1. Introduction

In spreadsheet software like Excel, Pivot Tables are the go-to tool for summarizing large datasets. In R, we achieve the same (and much more) using the tidyverse ecosystem, specifically the dplyr package for aggregation and the tidyr package for reshaping.

Why Pivot?

  1. Summarization: Turning thousands of rows into a meaningful summary table (e.g., Average sales per region).
  2. Tidying Data: Converting data into a format suitable for analysis or plotting.
  3. Reporting: Creating wide-format tables that are easier for humans to read.

2. The Dataset: Palmer Penguins

We will use the penguins dataset. It contains measurements for penguin species, islands in the Palmer Archipelago, size (flipper length, body mass), and sex.

# Load and view the first few rows
data("penguins")
head(penguins) %>% 
  kable() %>% 
  kable_styling(bootstrap_options = c("striped", "hover"))
species island bill_length_mm bill_depth_mm flipper_length_mm body_mass_g sex year
Adelie Torgersen 39.1 18.7 181 3750 male 2007
Adelie Torgersen 39.5 17.4 186 3800 female 2007
Adelie Torgersen 40.3 18.0 195 3250 female 2007
Adelie Torgersen NA NA NA NA NA 2007
Adelie Torgersen 36.7 19.3 193 3450 female 2007
Adelie Torgersen 39.3 20.6 190 3650 male 2007

3. Part A: Summarizing Data (The “Excel” Pivot)

In R, a pivot table summary is created by combining group_by() and summarize().

Example 1: Basic Summary

Let’s find the average body mass and count of penguins per species.

pivot_summary <- penguins %>%
  filter(!is.na(sex)) %>% # Remove rows with missing sex
  group_by(species, island) %>%
  summarize(
    avg_mass_g = mean(body_mass_g, na.rm = TRUE),
    count = n()
  ) %>%
  ungroup()

pivot_summary %>% 
  kable(caption = "Summary Pivot Table") %>% 
  kable_styling(full_width = F)
Summary Pivot Table
species island avg_mass_g count
Adelie Biscoe 3709.659 44
Adelie Dream 3701.364 55
Adelie Torgersen 3708.511 47
Chinstrap Dream 3733.088 68
Gentoo Biscoe 5092.437 119

Visualizing the Summary

Pivot tables are often precursors to visualizations.

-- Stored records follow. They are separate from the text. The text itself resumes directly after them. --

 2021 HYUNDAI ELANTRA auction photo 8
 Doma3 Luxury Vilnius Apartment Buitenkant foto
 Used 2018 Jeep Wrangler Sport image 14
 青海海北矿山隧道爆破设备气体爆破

ggplot(pivot_summary, aes(x = species, y = avg_mass_g, fill = island)) +
  geom_bar(stat = "identity", position = "dodge") +
  theme_minimal() +
  labs(title = "Average Penguin Body Mass", y = "Mass (g)", x = "Species")
Figure 1: Average Body Mass by Species and Island

Figure 1: Average Body Mass by Species and Island


4. Part B: Reshaping Data

Often, “pivoting” refers to changing the layout of the data from Long to Wide or vice-versa.

4.1 pivot_wider(): Making it Readable

Use pivot_wider() when you want to transform categories into columns. This is common for creating comparison reports.

Task: Create a table where species are rows, islands are columns, and the values are the average body mass.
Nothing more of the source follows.